Он молча поклонился.

– Значит, все правда… – пробормотала она. – Антуанетта была права…

– Антуанетта слишком много болтает. Как бы это не сказалось на ее здоровье. – Усмехнулся Призрак с нехорошим блеском в глазах, и Кристина еще раз порадовалась про себя, что он так и не узнал, по чьей инициативе состоялся ее концерт.

– Просто иначе она бы не отпустила меня на занятия с вами… А так она думает, что я учусь у известного композитора и художественного руководителя Оперы…

– И это, конечно, искупает ее болтливость.

– Пожалуйста… пожалуйста, не делайте ей ничего дурного, – умоляюще проговорила Кристина, складывая ладони. – Я и сама в силах сложить два плюс два, какого бы низкого мнения вы обо мне ни были.

– Боюсь, Кристина, мне вредит то, что я о вас чересчур высокого мнения, – пробормотал он, прищурившись. – И, в любом случае, мы квиты: для вас-то я по-прежнему всего лишь злобное чудовище, от которого надо охранять даже кузину мадам Жири.

Девушка залилась румянцем.

– Нет, этого я вовсе не хотела сказать…

– Но сказали, – безжалостно оборвал ее он. – Однако давайте к делу. Петь вы будете дуэтом с сопрано, которой вам не будет видно. Вы будете только слышать ее голос – на сцену она не выходит. Но не волнуйтесь: ее голос будет звучать более чем ясно, как если бы она стояла рядом с вами.

– Могу я спросить… – начала было она, но Эрик не дал ей закончить:

– Нет. Вас в делах постановки не должно заботить ничего, кроме вашей собственной партии. Извольте начать ее разучивать, сегодня вы будете заниматься самостоятельно – мне нужно подняться наверх. Но работы вам хватит, не сомневайтесь. Это не самые легкие арии; к тому же, до вас их исполнял отличный профессионал.

Если он сказал это для того, чтобы приободрить Кристину и вдохновить на новый труд, то ошибся: от его слов ее, кажется, только охватило еще большее уныние. Она отошла от него к столику и застыла, глядя куда-то в пространство. Эрик заметил ее состояние.

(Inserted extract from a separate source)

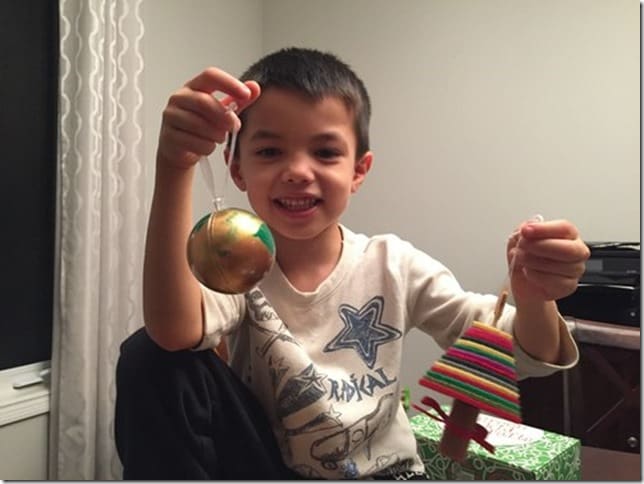 Green Kid Crafts Christmas Ornaments (1)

– Дорогая моя, вам нечего бояться, – обратился он к ней чуть ли не с нотками нежности в голосе; впрочем, в следующий миг тон снова стал сухим. – Самой судьбой вам было предназначено стать моим Орфеем. И, клянусь вам, я не сбегу от вас с пастухом, как вам, возможно, того бы хотелось.

Кристина оперлась руками о стол, наклонившись над ним.

– Даже если бы вы сбежали, я последовала бы за вами. Для меня нет другого пути.